Als diese aufgerissen wird, zucken beide Brüder zusammen. Ein Soldat stürmt hektisch in das Rathaus und beginnt zu schreien: "Ein Angriff! Dämonen! Sie sind hier!" "Wie-" weiter kommt Harald nicht, denn etwas reißt den Soldaten zurück nach draußen und ein Schrei dringt in das Gebäude. In Sekundenbruchteilen gesellen sich etliche weitere Schmerzensschreie dazu und während Harald wie betäubt auf seinem Stuhl sitzt reißt Lorian seinen Degen aus der Scheide und stürmt Befehle rufend nach draußen.
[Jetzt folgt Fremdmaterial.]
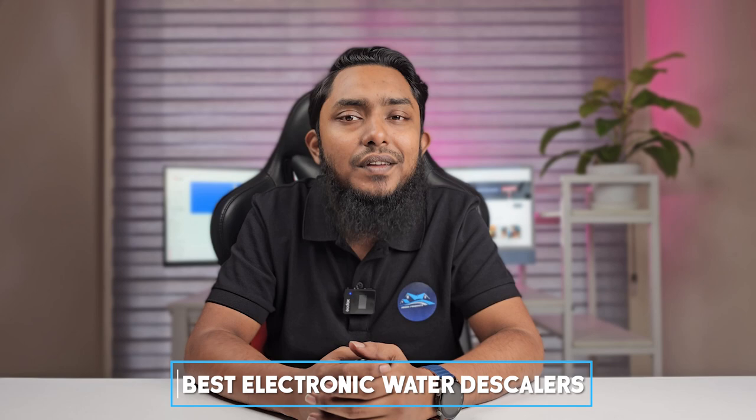Hey there water enthusiasts, welcome back to our channel. Today we are diving deep into the world of water softening technology. If you are tired of dealing with hard water problems, you have come to the right place. We are about to unveil the best electronic water descalers on the market. Stay tuned as we break down the top contenders and help you make an informed choice for your home.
Einen Moment später erwacht aus Harald aus seiner Starre und springt auf. Im Gegensatz zu seinem Bruder besitzt er keine Waffe, aber er hat das Bedürfnis trotzdem irgendwas zu tun. Also rennt er bis zur Tür und muss sich zusammenreißen, als ihn die Übelkeit überkommt. Dutzende Leichen von brutal hingerichteten Dorfbewohnern liegen überall auf dem Hauptplatz herum. Er sieht alte Bekannte und Freunde, den alten Bauern Maggot und seine Frau, den jungen Soldaten, der vor wenigen Momenten noch schreiend in das Rathaus gestürmt war. Voller Schrecken sucht er den Boden nach seinem Bruder ab, da stößt ihn genau dieser an. "Was machst du hier?! Geh wieder rein, verbarrikadiere die Tür und beschütze dein Leben!" Er wird zurück in den Raum gestoßen und fällt fast hin, doch er schafft es, sich auf den wackeligen Beinen zu halten. Aber bewegen kann er sich nicht. Wie hypnotisiert betrachtet er das Gemetzel vor der Tür. Auf dem Hauptplatz des Dorfes steht seit Ewigkeiten eine alte Eiche, die jetzt von ersten Flammen rot angeleuchtet wird. Es laufen Chaoskrieger durch das Dorf, seltsame Monstrositäten, große Muskelberge mit Tierköpfen und Waffen aller Art. Er sieht Speere, Morgensterne und bei einigen Kriegern mit Bärenköpfen sogar tatsächliche Krallen, wie bei einem echten Tier. Und dahinter stehen zwei Personen - zwei Dämonen. Beides scheinen Frauen zu sein, die eine mit orangenen Augen und dämonischen Flügeln, die andere ohne Flügel und mit bläulichen Augen. Sie strahlt keine so überwältigende Bosheit aus wie die erste, deren Augen sich jetzt auf Harald fokussieren. Von entsetzlicher Angst ergriffen setzt sich sein Körper schließlich doch wieder in Bewegung und er rennt zurück zu seinem Schreibtisch.
Er hat ihn noch nicht ganz erreicht, da hört er schon das Splittern der Rathaustür.